Foreign influence on Jews in the intertestamental period and its impact on contemporary society
What implications does the foreign influence on the Jews in the intertestamental period have for contemporary society, and what lessons does it provide?
The intertestamental period, sometimes known as the Second Temple or Late Hellenistic period, dates from the consecration of the Second Temple in 516 BC until the emergence of the Christian New Testament around 70 AD (Scott, 1995). The Jewish people, like many others in the Middle East, had experienced waves of invasion by Assyrians, Babylonians, and Persians and were now faced with the sweeping influence of the Greeks. There was some military resistance to the Greeks, and many Jewish communities existed outside Palestine, where they encountered influences from Egypt, Rome and other cities and regions as well.
The Greek invasion was different from all the others because the political and economic administration of the Greek empire helped to spread Hellenistic culture in Jewish territories, and to diasporic Jewish communities living across the region. Grabbe (2008, p. 162) notes that this influence “worked both ways” and likens the situation to the Anglicisation of India in the nineteenth century, where there was a complex synthesis of the two cultures. Greek language and culture dominated the administration but the life of ordinary Jewish people, including the practice of their religion, carried on much as before.
The intercultural environment that characterised intertestamental Jewish life demonstrates that human cultures do not remain fixed and separate. They must co-exist, even though there are tensions between them. Greek philosophy and rhetoric were eagerly studied by Jewish intellectuals, as we can clearly see in Jewish writers such as Philo of Alexandria who quotes Homer even as he explains the Torah (Rios, 2015). This did not mean that the Jewish faith and its traditions were rejected. Contact between cultures in contemporary society is therefore something to be welcomed, as an enrichment to our faith and an opportunity for reflection, learning and renewal.

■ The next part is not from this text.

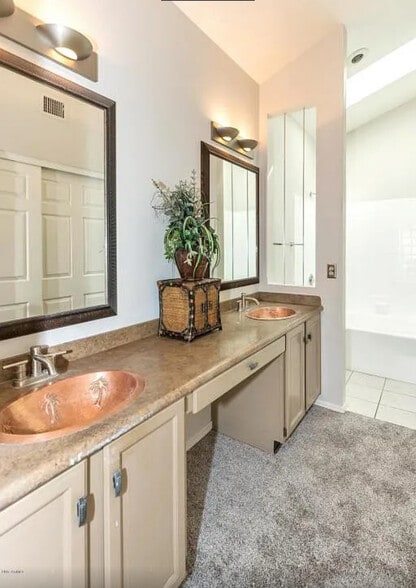 Master bathroom - 852 N Terrace Rd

Grabbe, L. L. (2008) A History of the Jews and Judaism in the Second Temple Period, Volume 2: The Coming of the Greeks: The Early Hellenistic Period. London: Continuum.
Rios, C. M. (2015) Philo of Alexandria: An introduction to the Jewish exegete and his intercultural condition. Scriptura 114, pp. 1-13.
Scott, J. Jr. (1995) Jewish Backgrounds of the New Testament. Grand Rapids, MI: Baker Academic.